Myriostigma

Scientific classification
- Domain: Eukaryota
- Kingdom: Fungi
- Division: Ascomycota
- Class: Arthoniomycetes
- Order: Arthoniales
- Family: Arthoniaceae
- Genus: Myriostigma Kremp. (1874)
- Type species: Myriostigma candidum Kremp. (1874)

= Myriostigma =

Genus of lichens

Myriostigma is a genus of lichens in the family Arthoniaceae. The genus was circumscribed by German lichenologist August von Krempelhuber in 1874.

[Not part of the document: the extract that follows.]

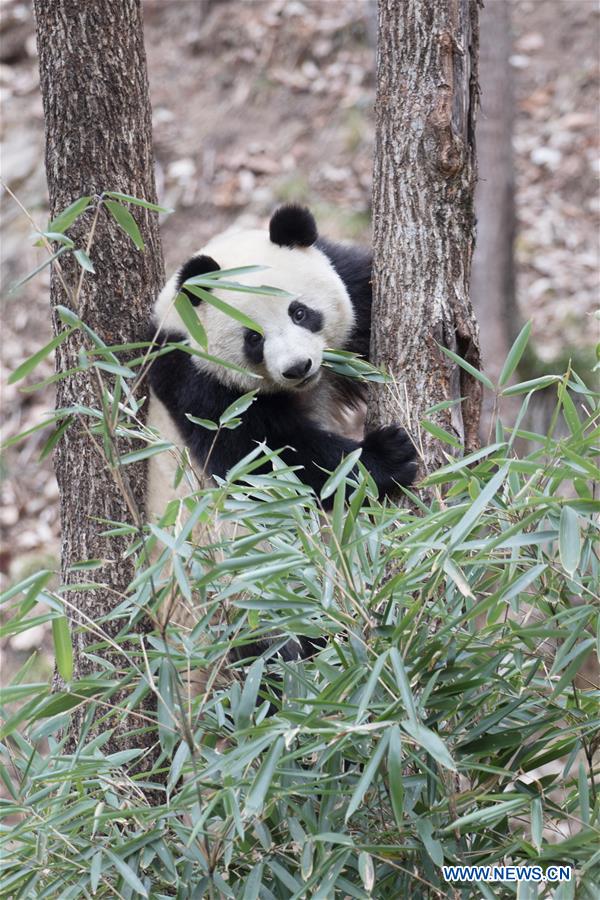 #CHINA-SHAANXI-HANZHONG-GIANT PANDA-WILD TRAINING (CN)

Characteristics of Myriostigma include the raised maculate (spots), ascomata-like fertile areas, asci that are 8-spored, thick-walled, globular and stalked, and ascospores that are hyaline, bean-shaped, and muriform (divided into chambers by septa).

==Species==
As of July 2024, Species Fungorum (in the Catalogue of Life) accepts nine species of Myriostigma.

- Myriostigma candidum Kremp. (1874)
- Myriostigma filicinum (Ellis & Everh.) Frisch & G.Thor (2014)
- Myriostigma irregulare (Lücking, Aptroot, Kalb & Elix) Frisch & G.Thor (2014)
- Myriostigma miniatum (Vain. ex Lücking) Aptroot, Ertz, Grube & M.Cáceres (2015)
- Myriostigma minisorediatum Aptroot, L.A.Santos & M.Cáceres (2024) – Brazil
- Myriostigma napoense (Kalb & Jonitz) Kukwa (2015)
- Myriostigma nicobaricum Jagadeesh & G.P.Sinha (2016) – India
- Myriostigma subcandidum (M.Cáceres & Lücking) Frisch & G.Thor (2014)
- Myriostigma xanthominiatum Aptroot & M.F.Souza (2021) – Brazil
- Myriostigma xanthonicum Aptroot & M.Cáceres (2018) – Brazil

The species once known as Myriostigma guatteriae G.Arnaud (1925) is now Myriostigmella guatteriae.